> _YOUR ASSIGNMENT_: Every record is to be printed exactly as written, and any picture in it is skipped.

[Records from a data source]
%%

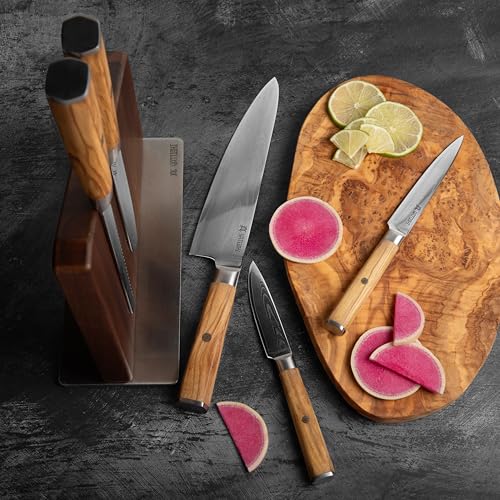 Magnetic Kitchen Knife Block Set (7 Count)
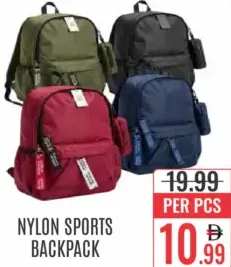 Nylon Sports Backpack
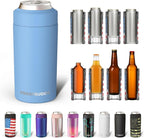 Frost Buddy Universal Can Cooler - Fits all - Stainless Steel Can Cooler for 12 oz & 16 oz Regular or Slim Cans & Bottles - Stainless Steel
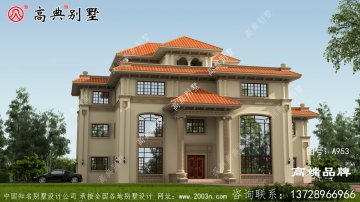 后立面窗戶排列有序，不忘美感。
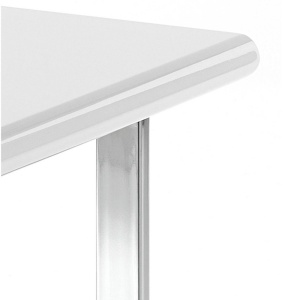 BIROU VEGA 120CM, CU 2 SERTARE, METAL SI MDF LUCIOS, COD 4669 - Img 4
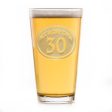 30th Birthday Beer Pint Glass Discount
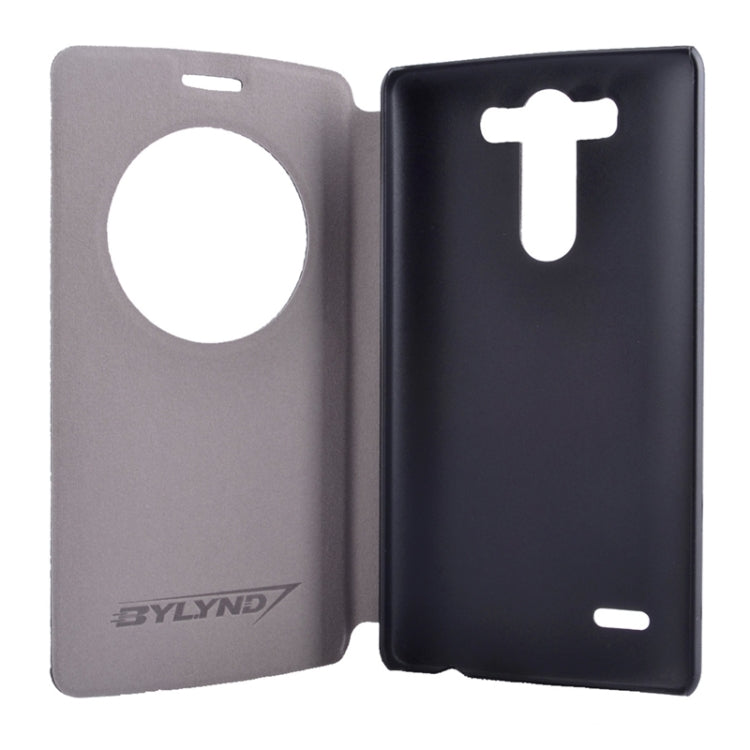 Horizontal Flip Litchi Texture Leather Case with Holder & Caller ID Display for LG G3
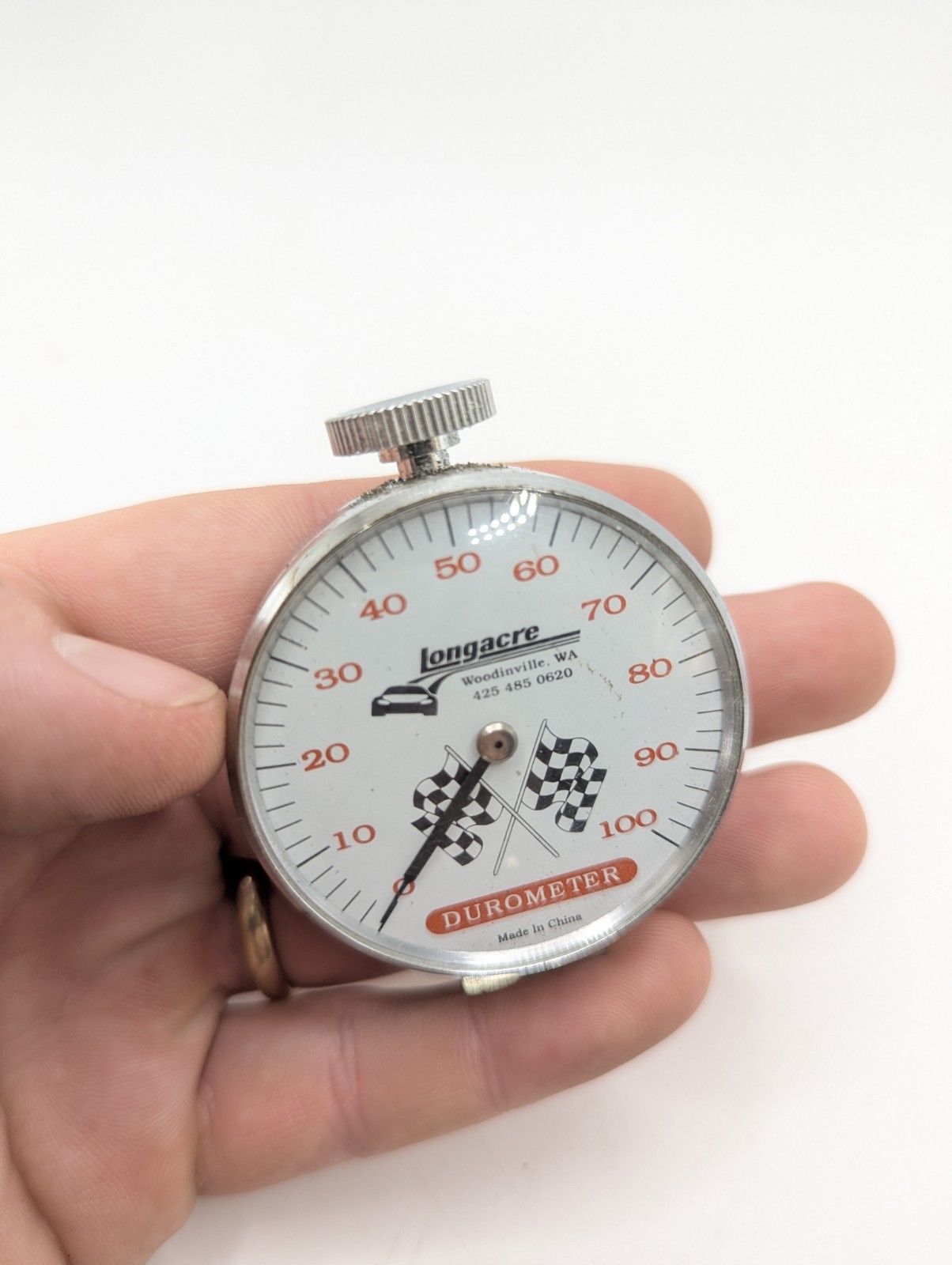 Longacre Chrome Tire durometer Very Good Condition RC Car Tire Gauge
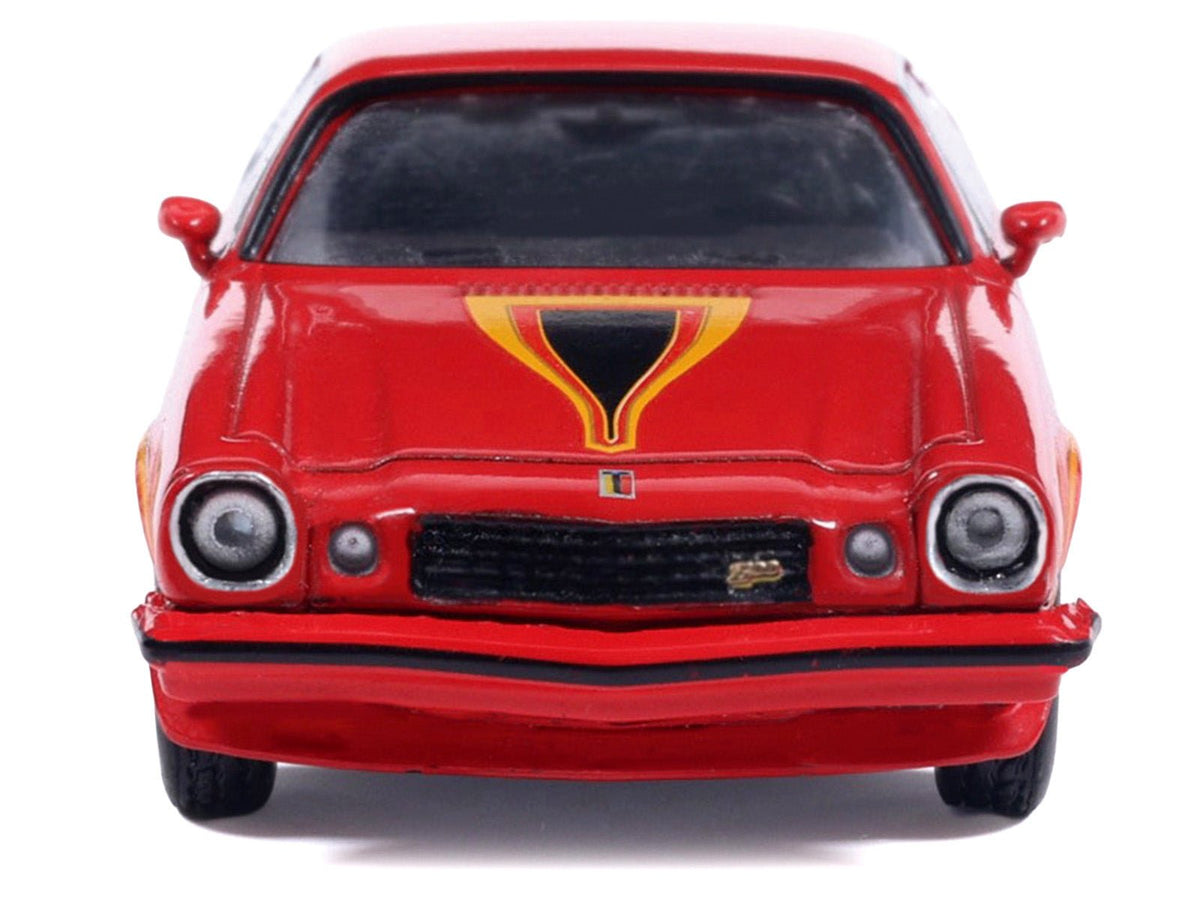 1977 Chevrolet Camaro Z28 Red with Hood Stripes 1/64 Diecast Model by IXO Models-IXO-ModelCars.com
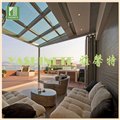 杭州雅馨特免费设计弧形阳光房电动FTS天棚帘定制 图片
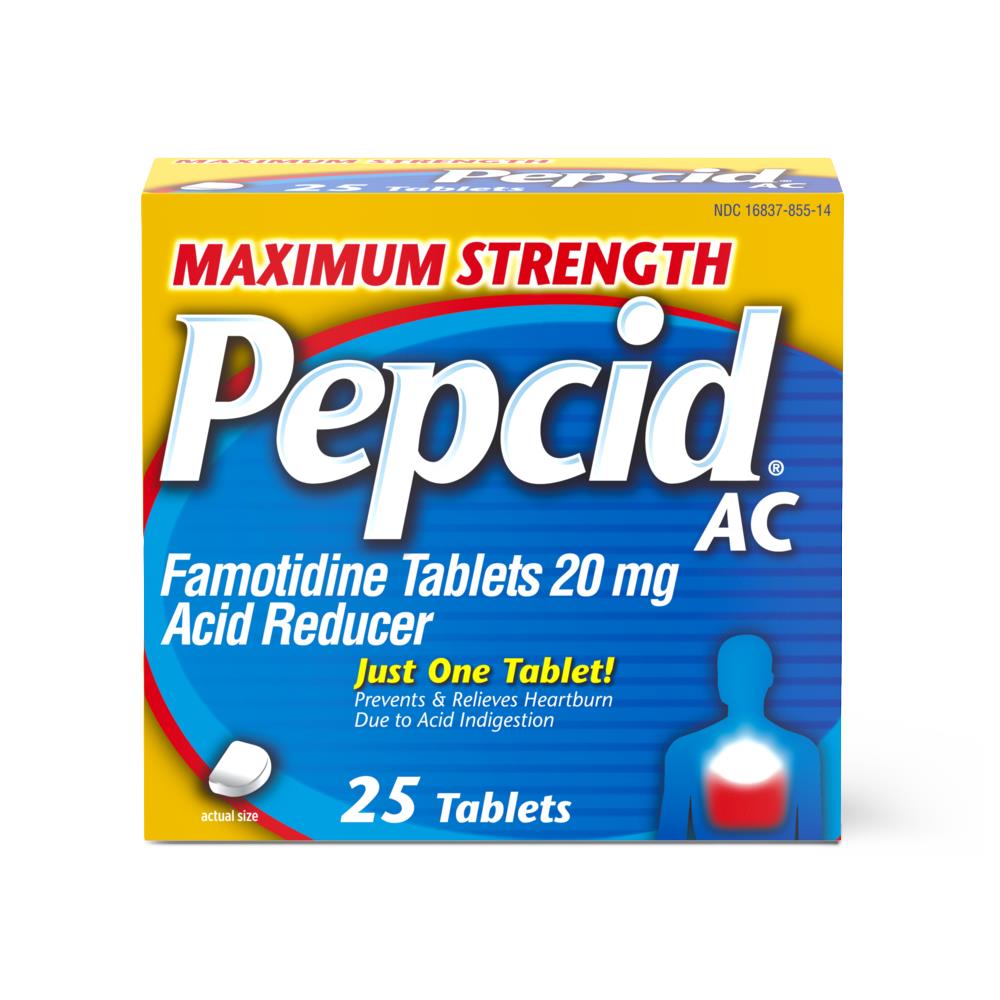 Pepcid AC Maximum Strength Famotidine Tablets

%%

> _ANSWER FOR THE TASK_:
 Magnetic Kitchen Knife Block Set (7 Count)
 Nylon Sports Backpack
 Frost Buddy Universal Can Cooler - Fits all - Stainless Steel Can Cooler for 12 oz & 16 oz Regular or Slim Cans & Bottles - Stainless Steel
 后立面窗戶排列有序，不忘美感。
 BIROU VEGA 120CM, CU 2 SERTARE, METAL SI MDF LUCIOS, COD 4669 - Img 4
 30th Birthday Beer Pint Glass Discount
 Horizontal Flip Litchi Texture Leather Case with Holder & Caller ID Display for LG G3
 Longacre Chrome Tire durometer Very Good Condition RC Car Tire Gauge
 1977 Chevrolet Camaro Z28 Red with Hood Stripes 1/64 Diecast Model by IXO Models-IXO-ModelCars.com
 杭州雅馨特免费设计弧形阳光房电动FTS天棚帘定制 图片
 Pepcid AC Maximum Strength Famotidine Tablets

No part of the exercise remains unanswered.